● Task:
With the pictures removed, write out the full listing below exactly.

● Material provided:
Content starts

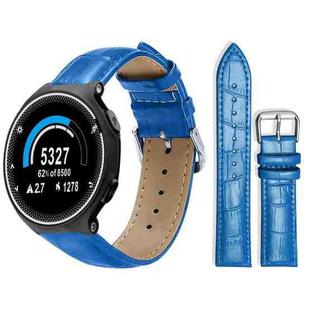 For Garmin Forerunner 220/735/735XT/230/235 20mm xDfind Bamboo Texture Pin Buckle Leather Watch Band(Blue)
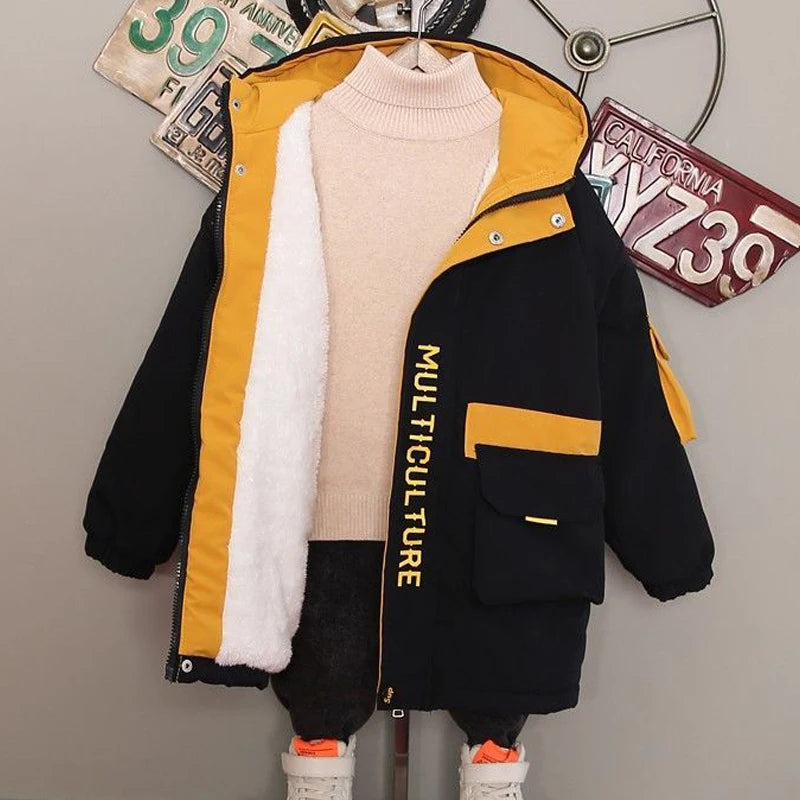 Boys Winter Down Jackets For Kids Clothes Thicken Cotton Coats Long Sleeve Outerwear Children Clothes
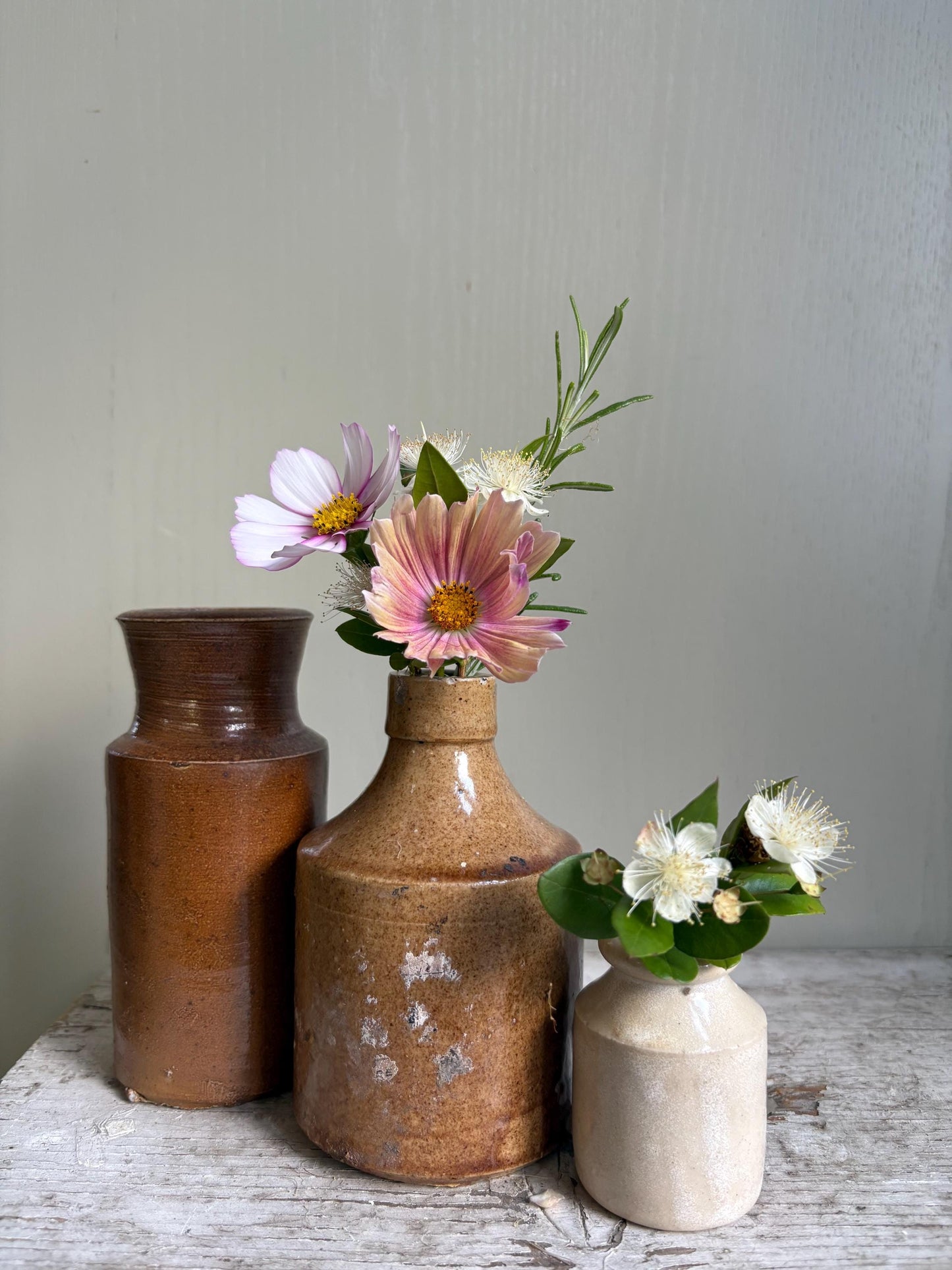Trio of Stoneware Bottles, Price is for all Three! Bud Vases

Content ends

● Solution to this problem:
 For Garmin Forerunner 220/735/735XT/230/235 20mm xDfind Bamboo Texture Pin Buckle Leather Watch Band(Blue)
 Boys Winter Down Jackets For Kids Clothes Thicken Cotton Coats Long Sleeve Outerwear Children Clothes
Trio of Stoneware Bottles, Price is for all Three! Bud Vases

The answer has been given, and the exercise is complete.